THE ASSASSINATION OF JOHN F. KENNEDY
One of the most stunning events of the 20th Century, John F. Kennedy's assassination remains a source of fascination for Americans of many generations. Those who were over the age of 5 when Kennedy was slain likely will always remember the dark days surrounding his death and his funeral. This book provides a concise look at how the murder touched the lives of people across the United States and how it continues to serve as an apparently unsolvable mystery.

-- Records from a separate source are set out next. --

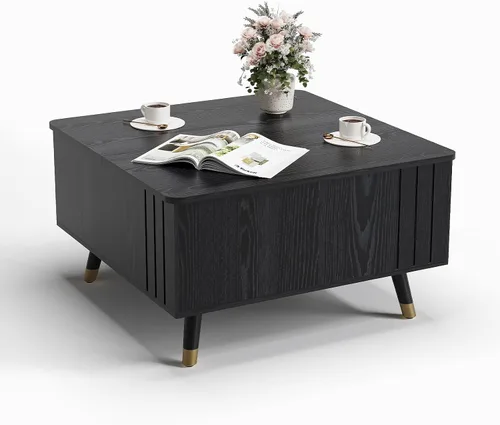 Vista 8 de Mesa de centro elevable con almacenamiento, mesa central negra de 32 pulgadas para sala de estar, mesa de comedor cuadrada con patas de madera maciza
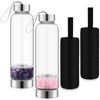 meekoo 2 Pieces Crystal Glass Water Bottle Clear Water Bottle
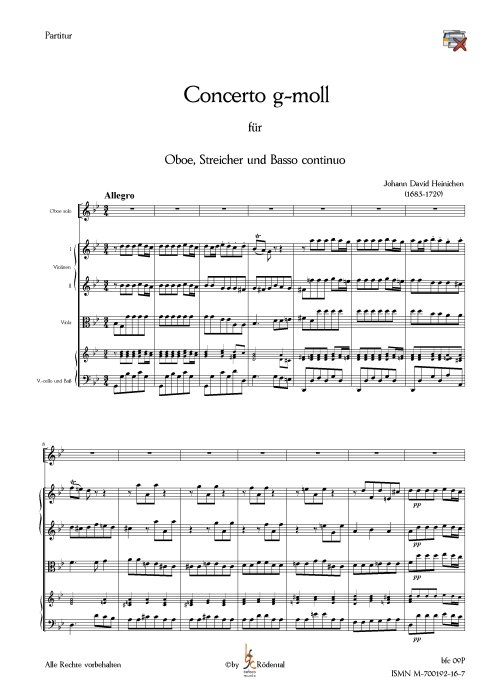 Heinichen, Johann David - Konzert g-moll für Oboe, Streicher und Basso continuo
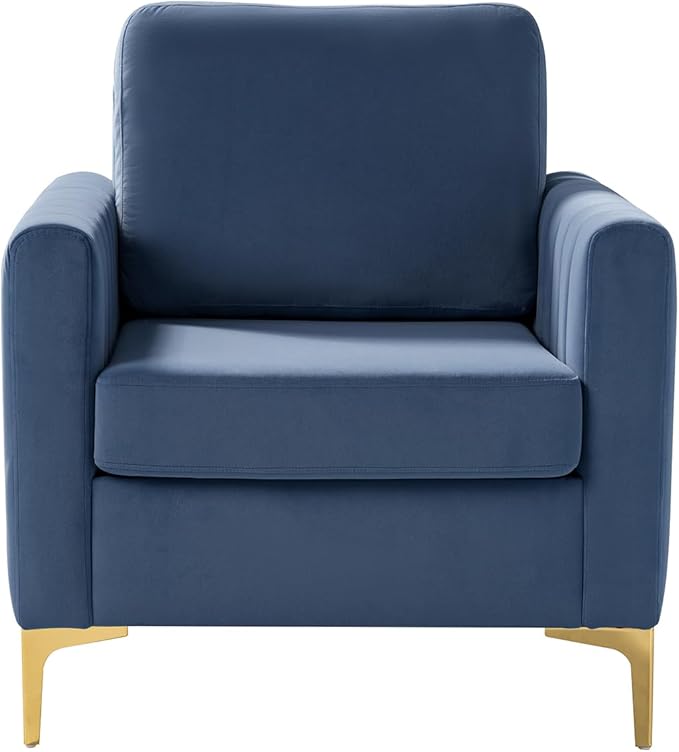 Modern Upholstered Velvet Accent Chair Velvet Armchair Club Chair with Gold Metal Legs Mid-Century Barrel Leisure Comfy Reading Chair for Livingroom Bedroom Slate Blue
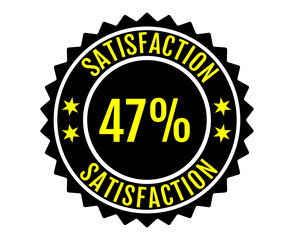 47% Satisfaction Sign Vector transparent background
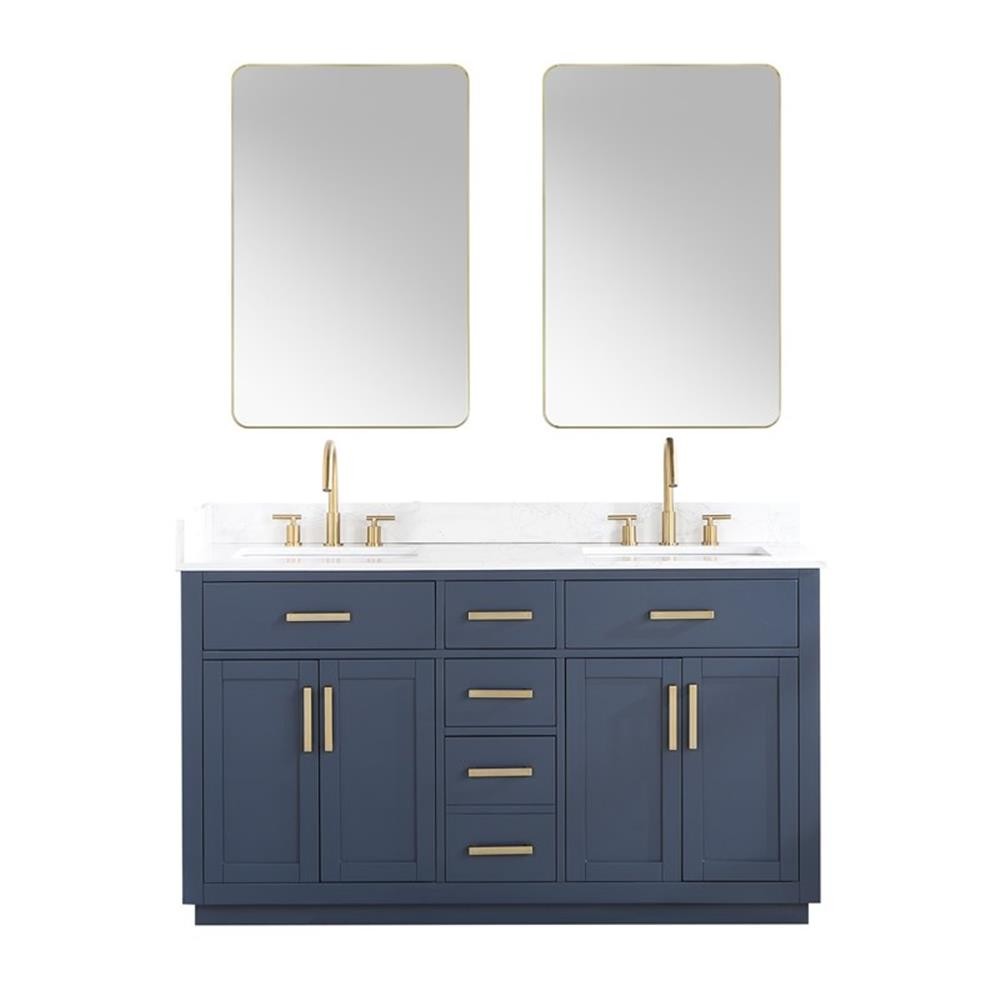 Gavino 60″ Wood Vanity in Royal Blue with Composite Stone Top and Mirror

Americans of the early 1960s lived with the possibility of a gigantic nuclear war that could turn much of the world into dust. Widespread deaths in the United States and the Soviet Union were an anticipated outcome. The Cuban Missile Crisis brought the threat of nuclear war into every American home. This book examines American expectations of nuclear war as well as their reactions to the crisis.
THE CUBAN MISSILE CRISIS
Histories of the Cuban Missile Crisis are typically long, complicated works that rely heavily on White House tapes and recently opened Soviet archives. This book provides a simpler, more concise history of the crisis and its outcome.
OLD CITY PHILADELPHIA
In a very real sense, the United States began in Old City Philadelphia, where the Continental Congress met to approve the Declaration of Independence and where the U.S. constition first came to life. This history of Old City follows the neighborhood's transformation from a quiet collection of colonial homes to a national center to a site of urban renewal and finally, to an urban neighborhood buzzing with new life.
SOCIAL HISTORY OF THE UNITED STATES
Social History of the United States is a cornerstone reference that tells the story of 20th-century America, examining the interplay of policies, events, and everyday life in each decade of the 1900s with unmatched authority, clarity, and insight.
Spanning ten volumes and featuring the work of some of the foremost social historians working today, Social History of the United States bridges the gap between 20th-century history as it played out on the grand stage and history as it affected--and was affected by--citizens at the grassroots level. Covering each decade in a separate volume, this exhaustive work draws on the most compelling scholarship to identify important themes and institutions, explore daily life and working conditions across the economic spectrum, and examine all aspects of the American experience from a citizen's-eye view. Casting the spotlight on those whom history often leaves in the dark, Social History of the United States is an essential addition to any library collection.
The city of Philadelphia is a road map to history. From Independence Hall, where the Declaration of Independence and the Constitution received approval to Liberty Place, the first building to grow taller than the tip of William Penn's hat on top of City Hall, the city's history-making sites are invitations to learn about Philadelphia history and its role in history. This book reviews the history of important Philadelphia landmarks, and the prose is augmented by 21st Century photographs of the sights to see in Philadelphia.